Am 16. Juni 1950, einem Freitag, knattert er abends zu einem Vortragstermin in einem Nachbardorf, mit Gabriele auf dem Rücksitz. Der Termin zieht sich hin und verlängert sich durch Abendessen und Umtrunk. Als Oskar Linke und seine Tochter nach Hause aufbrechen, ist es schon Samstag, der 17. Juni. Es kommt wie es kommen muss, die NSU gibt den Geist auf, und der Bürgermeister muss das Motorrad schieben. Um halb drei– oder vielleicht ein später – befinden sich die Linkes auf der Straße zwischen Haselbach und Gleimershausen, und dann passiert‘s.
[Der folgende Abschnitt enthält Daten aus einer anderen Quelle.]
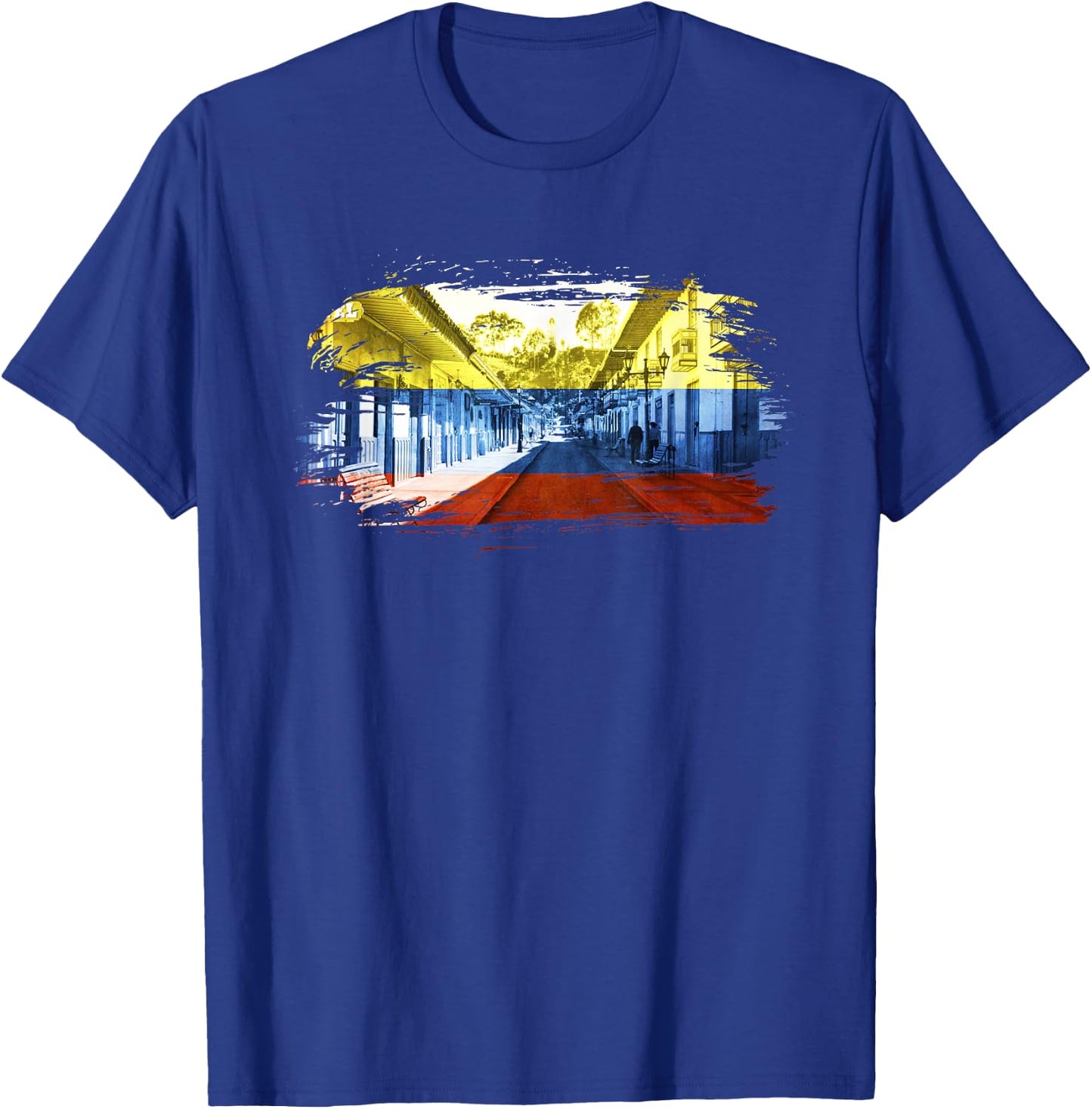 Colombian Flag with Colombian Art Gift Paisa Medellin T-Shirt - T-Shirt | Royal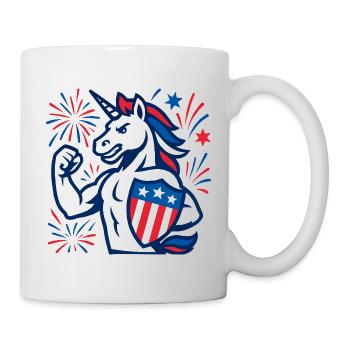 Patriotic Unicorn Power Maskottchen USA Stärke - Tasse - Weiß - Rechts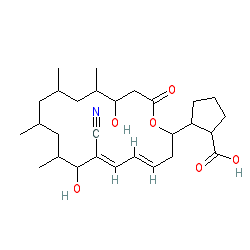 (1R,2R)-2-((2S,4E,6Z,8R,9S,11R,13S,15S,16S)-7-Cyano-8,16-dihydroxy-9,11,13,15-tetramethyl-18-oxooxacyclooctadeca-4,6-dien-2-yl)cyclopentane-1-carboxylic acid chemical structure (CAS 7184-60-3)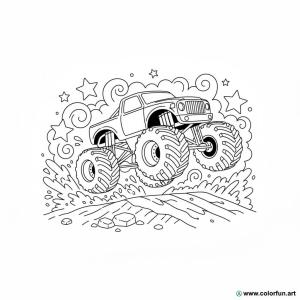 kolorowanka monster truck w małym formacie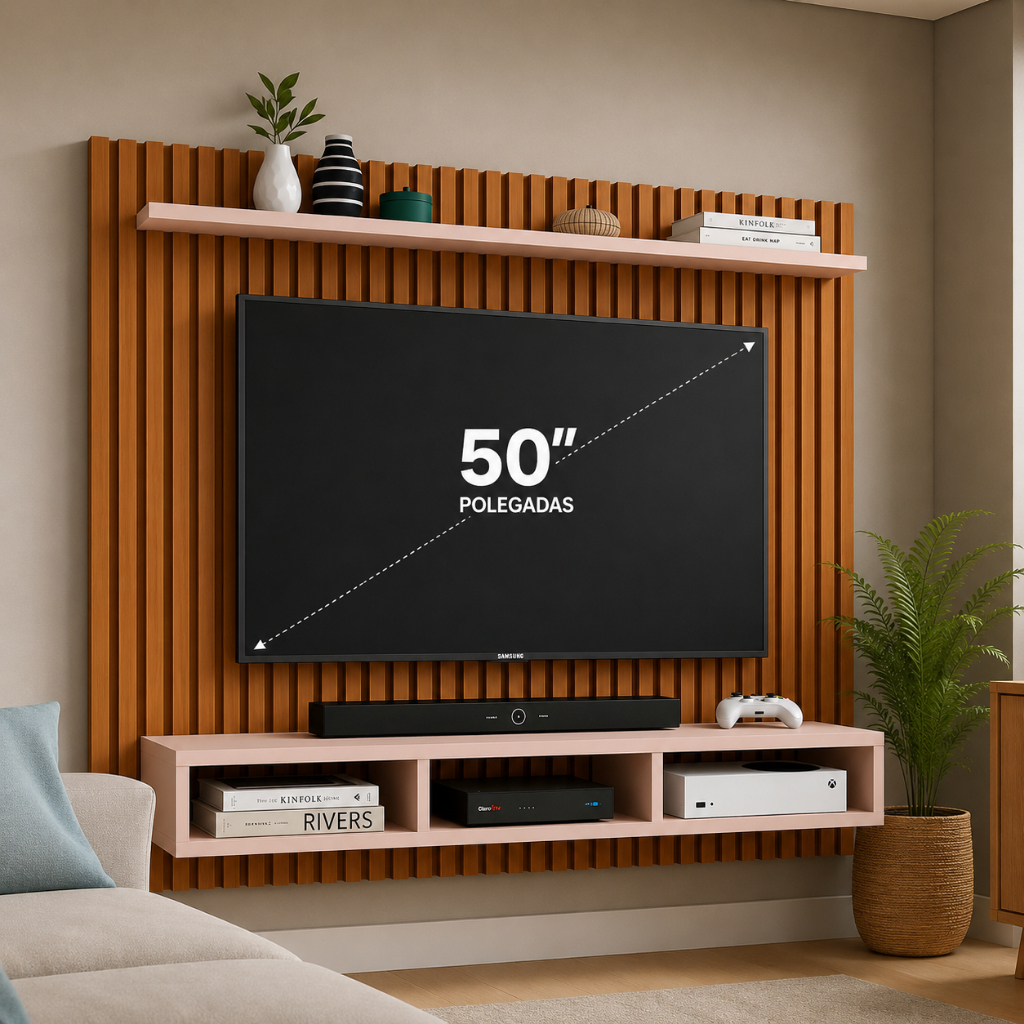 QUEIMA DE ESTOQUE! Painel Suspenso de TV 43 até 60 Polegadas 3D Ripado, Nicho  Prateleira Estante Sala Moderna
Die folgenden Geschehnisse werden ausführlich auf englischen und deutschen Internetseiten geschildert, im „MUFON UFO JOURNAL“ vom November 1980 < http://de.slideshare.net/mufonnexus/mufon-ufo-journal-1980-11-november > im Artikel „Herr Linke and the Flying Warming Pan“ und daran anschließend im „CENAP-REPORT“ Nr. 116 vom Oktober 1985 im Beitrag „UFO-CE3 auf DDR-Gebiet?“, so dass wir uns kurz fassen können. Das Mädchen glaubt auf einer Wiese in einigem Abstand von der Straße Rehe zu sehen; ihr Vater lässt daraufhin das Motorrad stehen und pirscht sich heran.
Oskar und Gabriele Linke
Quelle: Privatfoto
Es sind aber keine Rehe, sondern zwei Gestalten in dicken metallischen Overalls, die Linke zunächst für Russen hält. In ihrer Nähe steht ein ebenso glänzendes Objekt mit fünfzehn Meter Durchmesser und zweieinhalb Meter Höhe, das ihn an eine Wärmflasche erinnert. Oskar Linke denkt hier nicht an die biegsame Gummiflasche, sondern an deren runden oder ovalen Vorläufer aus Zink, der durch eine Öffnung auf der Oberseite mit heißem Wasser gefüllt wird – siehe unsere Abbildung. Er beobachtet die beiden Gestalten eine Weile, als er seine Tochter rufen hört.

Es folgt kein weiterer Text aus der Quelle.